In the nearest-by of foreign countries
a reporter knows how we sweat attention
when we hear the language of ingredients,
the spell of culinary vernacular—

edible bulbs, meaty pepper rinds, and queso.
Milled grains, avocados, and oil.
Eating as border crossings
from famine to feast and back. We listen

and are brought closer to others.
We start to chew on water,
almost tooth-grind at phantom spoonfuls
of a manna, a gathered narrative, a swirled savor.

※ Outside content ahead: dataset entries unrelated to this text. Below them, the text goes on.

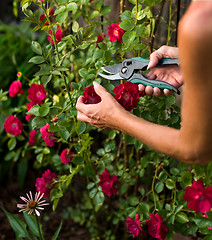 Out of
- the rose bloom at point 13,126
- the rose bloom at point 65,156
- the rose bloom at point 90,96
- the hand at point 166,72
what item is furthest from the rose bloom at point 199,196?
the rose bloom at point 13,126

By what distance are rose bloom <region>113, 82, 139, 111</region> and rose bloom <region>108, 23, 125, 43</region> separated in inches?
10.5

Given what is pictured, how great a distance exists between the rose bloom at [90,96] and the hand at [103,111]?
0.07 meters

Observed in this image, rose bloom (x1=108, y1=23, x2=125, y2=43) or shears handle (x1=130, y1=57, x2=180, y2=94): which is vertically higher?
rose bloom (x1=108, y1=23, x2=125, y2=43)

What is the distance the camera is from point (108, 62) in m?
1.45

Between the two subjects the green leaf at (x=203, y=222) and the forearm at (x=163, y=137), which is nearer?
the forearm at (x=163, y=137)

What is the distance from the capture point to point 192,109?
75cm

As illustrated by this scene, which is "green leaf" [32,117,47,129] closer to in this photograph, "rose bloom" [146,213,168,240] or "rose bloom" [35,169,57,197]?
"rose bloom" [35,169,57,197]

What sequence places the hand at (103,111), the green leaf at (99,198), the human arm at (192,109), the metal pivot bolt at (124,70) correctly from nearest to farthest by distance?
the human arm at (192,109) < the hand at (103,111) < the metal pivot bolt at (124,70) < the green leaf at (99,198)

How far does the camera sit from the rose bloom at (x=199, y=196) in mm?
1320

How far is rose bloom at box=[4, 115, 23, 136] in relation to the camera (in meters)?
1.75

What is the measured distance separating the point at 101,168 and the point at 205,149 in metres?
0.93

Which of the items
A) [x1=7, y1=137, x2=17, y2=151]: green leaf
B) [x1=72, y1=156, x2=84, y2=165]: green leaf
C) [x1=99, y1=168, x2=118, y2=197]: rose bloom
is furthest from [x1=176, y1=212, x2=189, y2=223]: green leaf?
[x1=7, y1=137, x2=17, y2=151]: green leaf

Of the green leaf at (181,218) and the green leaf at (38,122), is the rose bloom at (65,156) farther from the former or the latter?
the green leaf at (181,218)

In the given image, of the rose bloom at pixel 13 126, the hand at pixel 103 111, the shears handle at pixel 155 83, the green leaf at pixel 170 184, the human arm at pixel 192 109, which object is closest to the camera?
the human arm at pixel 192 109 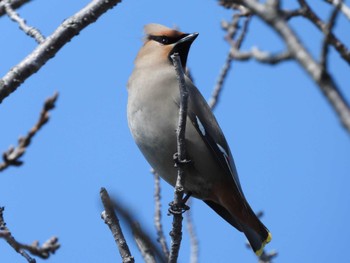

My neck is an over-watered stem
reaching for sunlight, held on
to a cherry tomato, so oranged sweet
its skin must split open to the air.

A letting comes on so naturally.
We find new bumps on my head.
Your fingers feel them. It’s a pressure
beneath my hair that, just now, bursts.

Bird Rock Avenue

There’s the shore, actual rocks,
each with its very own bird.

A resident, beyond an altar for hot coals,
sun-salutations atop a bench until anyone
who might gaze arrives. Utility
repair men line their trucks on the curbs,
tear the brush, and install signal.

I yell the last song I know to seagulls, take
a photograph with a phone
because they don’t listen
as much as they stay supple
and pull crabs from evaporite residue
and low tide’s exposed body.

There was once a land bridge here
since crumbled by erosive storms,
and swallowed—a path for the mist.

Some of the birds gather and become
an Apache helicopter, all dogged
on defining a plainness of our day.

It wants these waves to toss up blast powder
and spice, a harvest shrapnel thrown and lodged
at our ears and mouths. But we know better.

 

Adam Deutsch lives in San Diego, teaches college composition and writing, and has work recently or forthcoming in Arsenic Lobster, Thrush, Spinning Jenny, and Mojave River Review. He is the publisher at Cooper Dillon Books, and has a chapbook from H_NGM_N Books called Carry On.